VOL. 126 | NO. 37 | Wednesday, February 23, 2011
Memphis Closer to Electric Vehicle Technology
By Bill Dries
Memphis Light, Gas and Water Division should have 10 locations up and running by September for public charging stations for electric vehicles.
And Tennesseans who buy a Nissan Leaf, the all-electric vehicle coming to the market in 2012, will get a free home charging station as part of federal government incentives in six states and Washington as well as state government incentives in Tennessee.
The announcement was made Tuesday morning as corporate and government leaders kicked off a series of four meetings across the state on “The EV Project.”
The project is an attempt to build a charging infrastructure for electric cars in Memphis, Knoxville, Chattanooga and Nashville.
“We’re going to have all of these stations installed by September of this year,” said MLGW president Jerry Collins. “MLGW is going to simplify the charging needs of our customers. We’re going to make the use of electric vehicles as simple and easy as we can possibly make it.

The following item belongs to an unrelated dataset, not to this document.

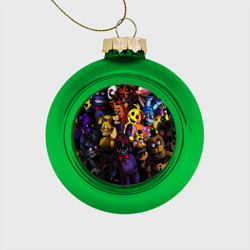 Ёлочный шар стеклянный/пластиковый Five Nights at Freddy's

“The message is, ‘Let’s become less dependent on foreign oil,’” Collins said citing political upheaval in the Middle East and $3 a gallon gasoline in Memphis.
Collins said the utility’s plans beyond the charging stations include service vehicles that would provide a recharge to electric vehicles that might become stranded on roads. The alert system could use a smart phone application.
The utility will also buy five EVs this year for its fleet including an electric bucket truck.
MLGW board chairman Darrell Cobbins called the planning for the stations a “milestone for Memphis and Shelby County.”
“One of the places we’re looking at is Shelby Farms,” he said in talking about a solar powered charging station.
ECOtality North America, the private company supplying the charging technology, hosted the meeting to seek letters of intent from owners of locations willing to host one of the stations.
Memphis was originally left out of the EV project by former Gov. Phil Bredesen’s administration but was later included after Memphis Mayor A C Wharton Jr. complained about the omission.
The state plan, however, includes a series of public charging stations along routes connecting Knoxville, Chattanooga and Nashville, but none that would link Memphis to those other cities.
The public charging stations would take about 26 minutes to recharge an EV to 80 percent of its battery capacity.
The home systems which would plug into a standard wall outlet would require 20 hours to recharge batteries.
There is a middle ground between the two that would provide a home charge in seven hours.
The incentives for buying an electric vehicle include a $7,500 federal tax credit and a $2,500 Tennessee tax rebate. The state tax rebate applies to a certain number of electric vehicles.